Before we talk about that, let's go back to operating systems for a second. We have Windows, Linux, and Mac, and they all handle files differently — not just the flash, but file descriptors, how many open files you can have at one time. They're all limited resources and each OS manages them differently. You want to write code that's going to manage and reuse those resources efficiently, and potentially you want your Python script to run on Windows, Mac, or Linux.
...
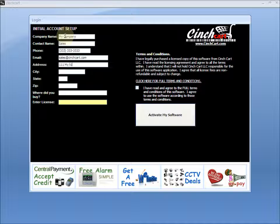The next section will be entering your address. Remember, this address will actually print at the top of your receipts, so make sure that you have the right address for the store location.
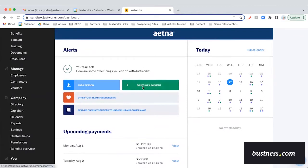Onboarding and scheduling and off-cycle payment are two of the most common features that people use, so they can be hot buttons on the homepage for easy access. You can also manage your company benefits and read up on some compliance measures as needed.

## [What you have to do]
Your answer must be the lines above from the one holding "The next section" up to and including the one holding "Onboarding and scheduling", exact and with no pictures.

## [Task output]
The next section will be entering your address. Remember, this address will actually print at the top of your receipts, so make sure that you have the right address for the store location.
Onboarding and scheduling and off-cycle payment are two of the most common features that people use, so they can be hot buttons on the homepage for easy access. You can also manage your company benefits and read up on some compliance measures as needed.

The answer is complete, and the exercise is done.